DMPS has been also used as an agent to estimate mercury element toxic body burden.  Oddly enough, resting urine or blood levels of mercury may bear little relationship to the body burden of mercury in longstanding, low level intoxication, such as that which may occur from 50% mercury silver dental amalgam fillings.  This is due to the fact that the toxic element mercury is bound in tissue and will NOT release unless infused with a binding agent. DMPS is commonly used to assess the boy burden of mercury and other heavy metals through provocation testing (also known as the “challenge”).  There are several methods of performing this challenge.  In one methodology, DMPS, is given as a slow intravenous push.  The patient then provides the first urine specimen after one to one and one half hours with the collection being done for anywhere from 12-24 hours.  The urine sample is then sent overnight express to a toxicology laboratory.  Generally speaking the toxic element mercury and other heavy metals are reported as micrograms metal per gram of urinary excretion of creatine.  When elevated levels of toxic heavy metals are no longer found with provocation urine testing, the general assumption is that DMPS is of no further value and may be discontinued. 
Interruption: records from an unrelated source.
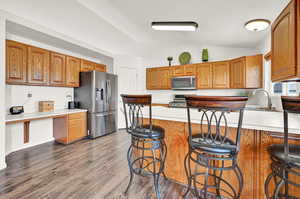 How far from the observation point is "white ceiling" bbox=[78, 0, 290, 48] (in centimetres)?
186

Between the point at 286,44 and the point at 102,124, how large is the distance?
373cm

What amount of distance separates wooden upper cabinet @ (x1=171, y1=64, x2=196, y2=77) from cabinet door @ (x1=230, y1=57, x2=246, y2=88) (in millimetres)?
1011

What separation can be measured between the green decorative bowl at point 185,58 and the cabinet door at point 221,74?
868mm

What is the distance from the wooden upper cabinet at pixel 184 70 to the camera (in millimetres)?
4070

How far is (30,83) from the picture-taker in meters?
2.63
However, Klinghardt, MD PhD has found that unresolved allergies, emotional family conflict and trauma will block the excretion of mercury and heavy metals.  Klinghardt, MD PhD has found that once these allergies, family conflicts and emotional trauma is resolved then chelation with DMPS can continue with continued success. DMPS is excreted in the urine mainly.  DMPS pervades both intracellularly and extracellularly.  However, it is claimed that unlike other chelating agents such as EDTA, DMPS does NOT pass the blood brain barrier and does not redistribute the mercury to the brain and central nervous system.  However, some case histories in real patients contradict this assumption.

Again 5-20% of patients have reported serious side effects such as lower back pain, kidney pain, indigestion and rashes.  These side effects can last FOR YEARS after only one dose of DMPS!  This may be due to the DMPS picking up mercury and dropping it off somewhere else in the body. 

EDTA 

EDTA, (Ethylene Diamine Tetra-acetic Acid) is a synthetic amino acid and is approximately one third as toxic to the body as aspirin.  Chelation therapy with EDTA was first introduced in the medical field in the U.S. in 1948 as a treatment for the lead poisoning of workers in a battery factory.  Shortly thereafter, the United States navy advocated chelation for sailors who had abosorbed lead while painting government ships and facilities.  IV EDTA chelation is FDA approved as a treatment for lead poisoning.  Interestingly, physicians using chelation for lead toxicity observed that patients who also had atherosclerosis (fatty-plaque buildup on arterial walls) or ateriosclerosis (hardening of the arteries) experienced reductions in both conditions after chelation.  More than 1,800 scientific journal articles have been published on the use of EDTA in intravenous chelation.